Great star! What would your happiness be, if you had not those for whom you shine! Behold! I am weary of my wisdom, like a bee that has gathered too much honey
The White Snow - Pt - 1
The White Snow is being waited for long now. I see through my windows the weather is becoming dull day by day, all day long the Sun hides behind the clouds, may be it is shy, but it does hides behind the clouds, and I feel that it has betrayed me. The autumn has shed the leaves from the trees; I can see the bare trees from my windows, at length and at great distance. They are spread far and wide, and the cold winter fog blurs my vision when I try to look far away at the horizon. My obsession with the horizon has been for long now. I look at different horizon around me, choose one, and go down the path, the path is difficult, it not as I imagined, not a bit. I feel that Tyche has betrayed me, or may be abandoned me, as I see, that she has favoured many around me. I am still ignorant of my sins that I may have committed, but in my simple past life I find no such flaw according to the ethics of the modern world.

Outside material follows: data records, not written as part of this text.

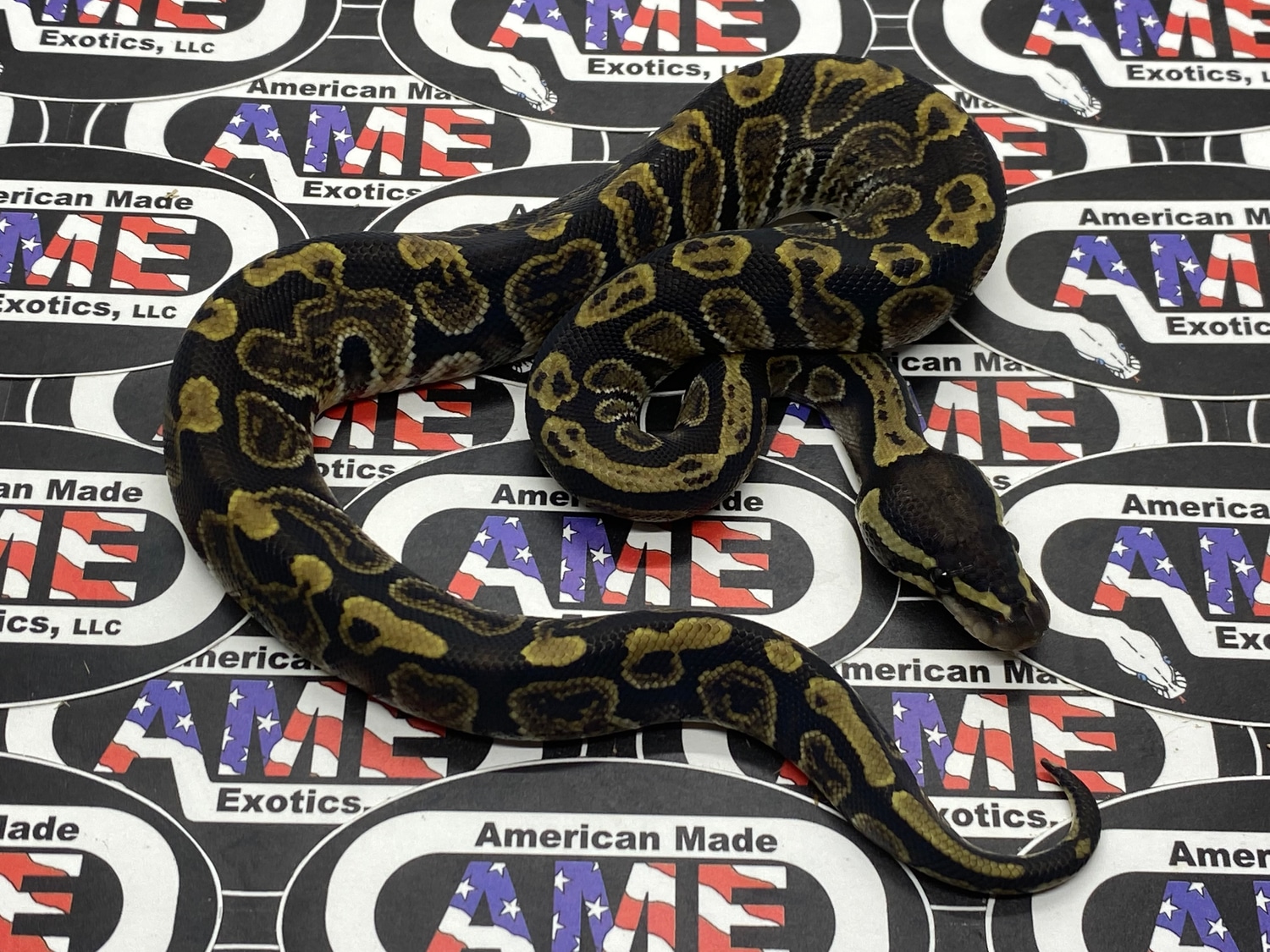 Ghi 100% Het VPI Axanthic 100% Het Hypo Ball Python by American Made ...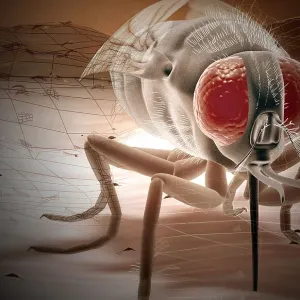 Tsetse fly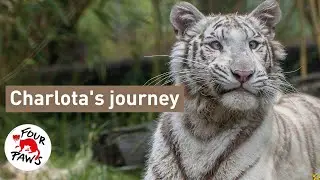 Rescued White Tiger Cub Finds New Home at Wild Animal Sanctuary | FOUR PAWS USA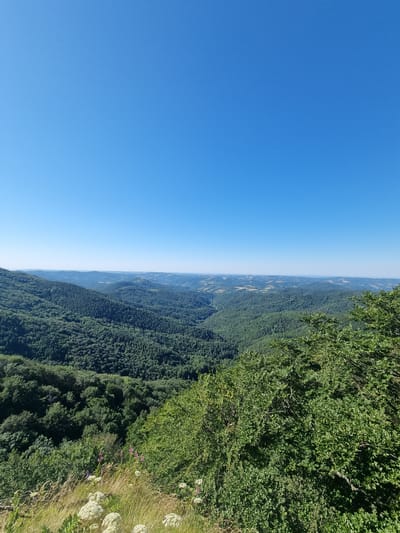 The image displays a vast, undulating landscape dominated by lush green forests stretching across rolling hills. The foreground features a grassy slope with wildflowers and bushes. In the distance, the landscape fades into hazy, layered hills under a clear, bright blue sky. The scene is devoid of any human presence or man-made structures, suggesting a natural, remote environment. The location is described as the city of Radevtsi, Bulgaria, implying a mountainous or hilly region within that area.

My feelings are portrayed by the dull grey cold weather. I sit in this four cornered room, where I am protected from cold winds and rain. I have forgotten what the cold winds feels like, what the chills in the spine feel like, but I will be soon feeling that. I had expected more from Life before I came to this mechanical, yet beautiful world, but, my dreams and imagination has fallen and lost in the worries, fears and a disease. Everything has halted; it feels like the some superior power has halted everything and ordered me to ponder on what is happening with me. It has pulled me away from the worries and fears and strains and pressures, but, in a form of a disease. Well, no one in this Universe can go against what has been written. The afternoon seems dull as ever and this adds to my despair and sadness, when I look back two months, I feel what a life had I been living. The worries and stress and strains had taken a shape of a deadly disease, though, it is curable, no doubt in that. But, still I think and ponder about what this strange turn in my life means. I have had plenty of rest and food here. Plenty of time to talk my heart out to my family and ful-fill the time had I spent keeping the strange secrets in my heart, thus making it heavier day by day.